The experimental setup is shown in Fig. 1(c), it includes frequency extender modules with rectangular metallic waveguide ports. The tapered SBQ channel waveguides are used as the transitions between the SBQ-channel-waveguide and the rectangular-waveguide ports. A digital weight with accuracy of 0.1 mg was used to have a consistent amount of sample powder in all measurements. We have used 20 mg of the sample powder consistently; however, obviously the amount of the sample powder can be decreased significantly through decreasing the width of the sample holder ($w$). The transmission signal through the SBQ waveguide when the sample holder is filled with $\alpha$-lactose powder is shown in Fig. 1(d). As shown in this figure, there is a drop in the signal around $532$ GHz, the well-known frequency signature of $\alpha$-lactose powder. This drop in the transmission signal is not only due to absorption by the sample material; it is also due to several mismatches between the rectangular waveguides and the SBQ waveguide, and reflections at the edges of the sample holder. In order to de-embed these mismatches for more accurate measurement of the absorption due to the loss in the sample material, a reference material was used. The reference material should be very low-loss at the frequency range of interest and should have a permittivity value close to that of the sample material ($\alpha$-lactose). Polyethylene has very low-loss in the THz range [44]. Very fine polyethylene powder (obtained from Micro Powders Inc.) was used as the reference material. The transmission signal through the SBQ waveguide with the sample holder filled with polyethylene powder is shown in Fig. 1(d). Using the measured transmission matrices for both the $\alpha$-lactose and polyethylene cases, the absorption values for the channel waveguide immersed in $\alpha$-lactose can be extracted.
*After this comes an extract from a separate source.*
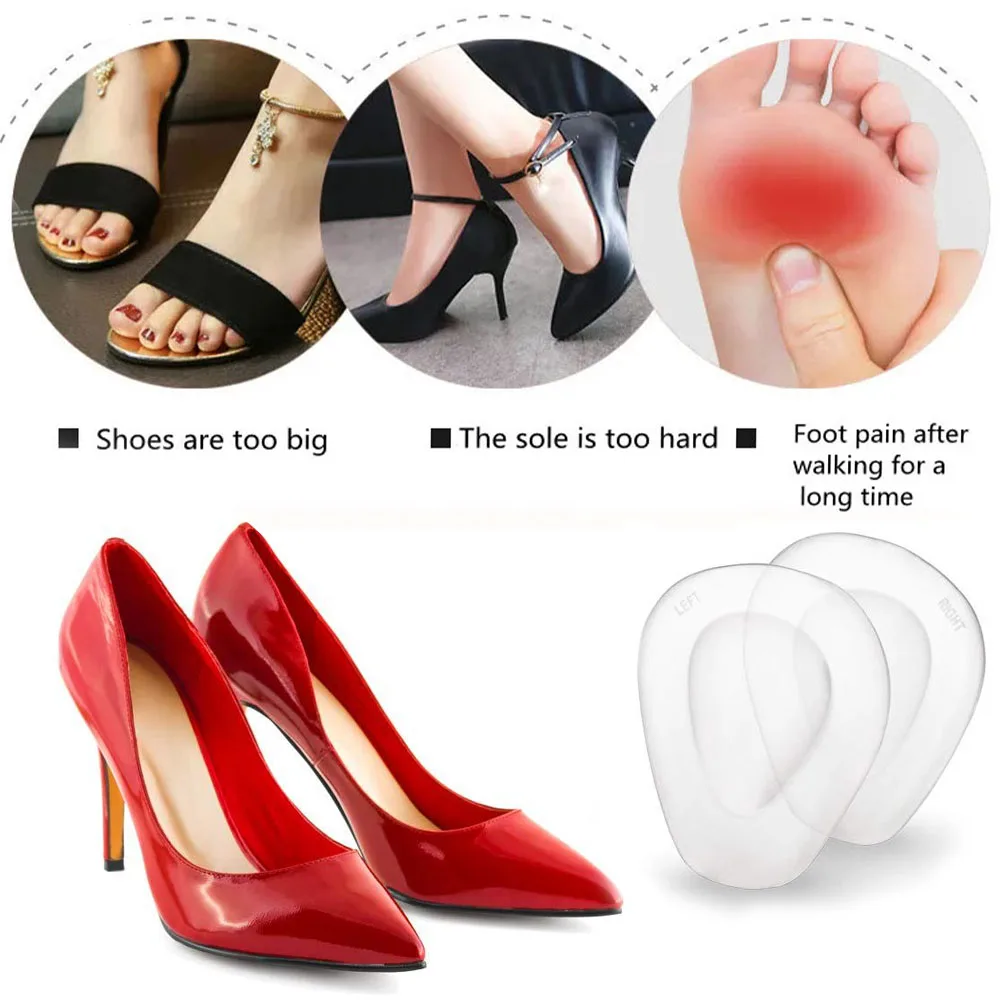 2/6 Pcs Silicone Metatarsal Pads for Shoes Anti-Slip Forefoot Gel Inserts for Women High Heels Foot Pain Relief Half Insoles thumbnail 2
Fig. 1. (a) Schematic of THz SBQ channel waveguide with sample holder [$w_{0}$ = 180 $\mu$m, $w$ = 5 mm, $L$ = 8 mm]. (b) Simulation results for electric field distribution over the channel waveguide cross section at 532 GHz, the dashed lines show the boundaries of silicon. (c) Measurement setup [(1) network analyzer, (2) and (3) frequency extender modules, (4) and (5) rectangular metallic waveguide ports, (6) SBQ waveguide with sample holder filled by material under test]. (d) Measured transmission signal for the two cases of sample holder filled by polyethylene and $\alpha$-lactose in arbitrary units.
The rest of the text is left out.